原題: Phase-Based Versus Trauma-Focused Therapy for Adult Survivors of Childhood Trauma: A Systematic Review and Meta-Analysis.
Svircevic CS, Berle D / The Journal of nervous and mental disease / 2025 / DOI / PubMed

抄訳:
幼少期にトラウマを経験した成人に対する治療法として、段階的治療がトラウマ焦点治療に比べてどの程度の価値を持つかについて議論があります。本研究は、段階的治療の有効性を検討するために系統的レビューを行いました。PubMed、Embase、PTSDpubs、PsycINFOを用いて、幼少期トラウマを持つ成人のPTSD症状に対する段階的介入のランダム化比較試験を特定しました。合計356名の参加者を含む4つの研究が基準を満たしました。ランダム効果メタ解析により、段階的治療がトラウマ焦点治療に対して小さな効果を示すことが分かりました(Hedges g=0.17; SE=0.12)。治療完遂率に関しては、段階的治療とトラウマ焦点治療の間に有意な差は見られませんでした(OR=0.84, 95% CI: 0.41-1.72)。本レビューでは、段階的治療がトラウマ焦点治療単独に比べて優位性を示す証拠は見つかりませんでした。

PICO:

  • P(対象): 幼少期にトラウマを経験した成人で、PTSD症状を持つ患者。
  • I(介入): 段階的治療アプローチを用いた介入。
  • C(比較): トラウマ焦点治療を用いた介入。
  • O(結果): PTSD症状の改善度と治療完遂率。

一言: 幼少期にトラウマを経験した成人に対する段階的治療とトラウマ焦点治療の効果を比較した系統的レビューとメタ解析です。段階的治療はトラウマ焦点治療に対して小さな効果を示しましたが、治療完遂率に有意な差は見られませんでした。

確かさ(GRADE): 中等度

理由: 研究数が限られており、結果のばらつきがあるため、確信度は中程度です。さらなる研究が必要です。

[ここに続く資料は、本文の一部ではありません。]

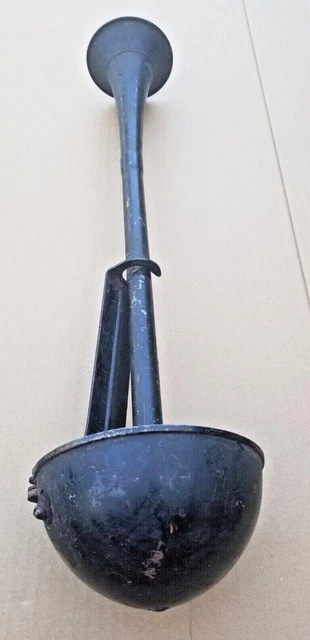 Vintage Car Truck  Horn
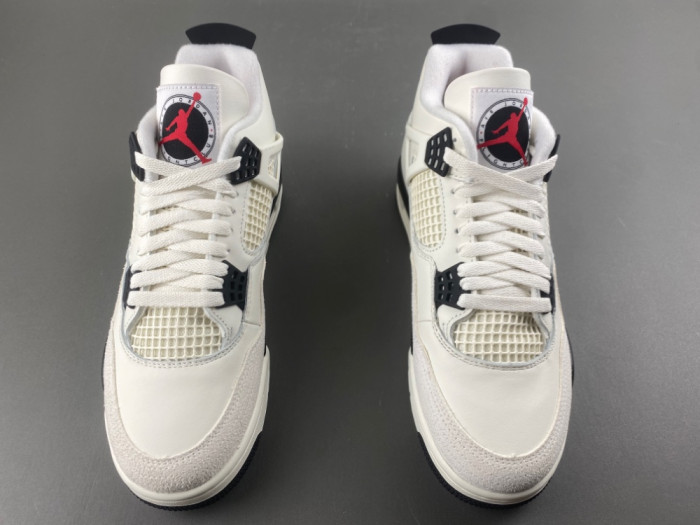 Air Jordan 4 Retro OG Flight Club  IM4002-100
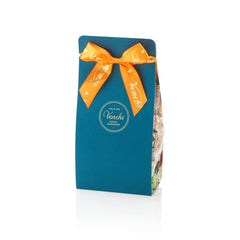 Venchi – Murrine Collection – Gift box with assorted Cremino chocolates, 407 g – With PGI Piedmont forest hazelnuts – Gift idea – Gluten free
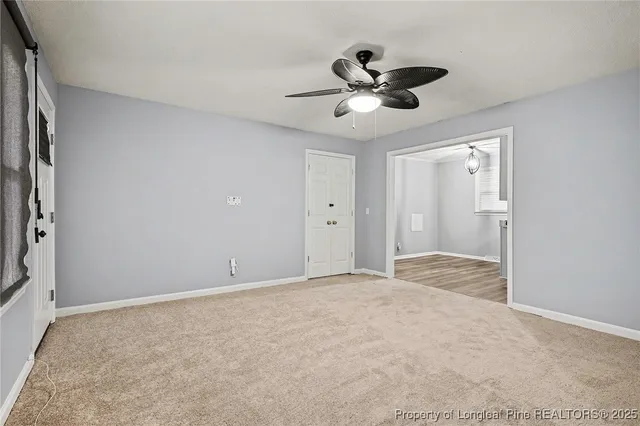 $225,000 | 3859 Bunnlevel Erwin Road, Erwin, NC 28339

研究の信頼性(RoB 2(ランダム化試験)): やや懸念

  • 参加者の割付方法: 低い(大きな問題なし)
  • 予定した介入からのずれ: やや懸念
  • アウトカムの欠測: 低い(大きな問題なし)
  • 結果の測り方: やや懸念
  • 報告された結果の選び方: 低い(大きな問題なし)

解説: ランダム化プロセスは適切でしたが、介入からの逸脱や結果の測定に若干の懸念があります。結果の信頼性は中程度です。

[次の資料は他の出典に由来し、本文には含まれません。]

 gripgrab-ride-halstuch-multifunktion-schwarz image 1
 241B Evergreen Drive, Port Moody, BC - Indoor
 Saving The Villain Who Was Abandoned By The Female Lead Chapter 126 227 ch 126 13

臨床メモ(活用点・注意点・外的妥当性・日本の臨床との整合)

本研究は、幼少期にトラウマを経験した成人に対する段階的治療とトラウマ焦点治療の効果を比較しました。段階的治療はトラウマ焦点治療に対して小さな効果を示しましたが、治療完遂率に有意な差は見られませんでした。日本の臨床現場では、PTSD治療において段階的治療がどの程度有効かを判断するためには、さらなる研究が必要です。特に、文化的背景や医療システムの違いが治療効果に与える影響を考慮する必要があります。段階的治療が有効であるかどうかは、患者の症状の重症度や治療への反応に依存する可能性があります。したがって、治療選択においては、現段階ではトラウマ焦点治療を優先するべきだと考えられます。

(FAQ)

Q. PTSDの治療にはどのような方法がありますか?
A. PTSDの治療には、認知行動療法(CBT)、眼球運動による脱感作と再処理法(EMDR)、薬物療法などがあります。これらは、国際的なガイドラインで推奨されており、患者の症状やニーズに応じて選択されます。治療を受ける際は、専門医に相談し、適切な治療法を選ぶことが重要です。

Q. 段階的治療とは何ですか?
A. 段階的治療は、治療を段階的に進めるアプローチで、通常は安全性の確保、トラウマ処理、再統合の3段階で構成されます。これは、患者の準備状態に応じて治療を進めるため、特に複雑なPTSDに対して有効とされています。治療の選択は、専門医と相談の上で行うことが推奨されます。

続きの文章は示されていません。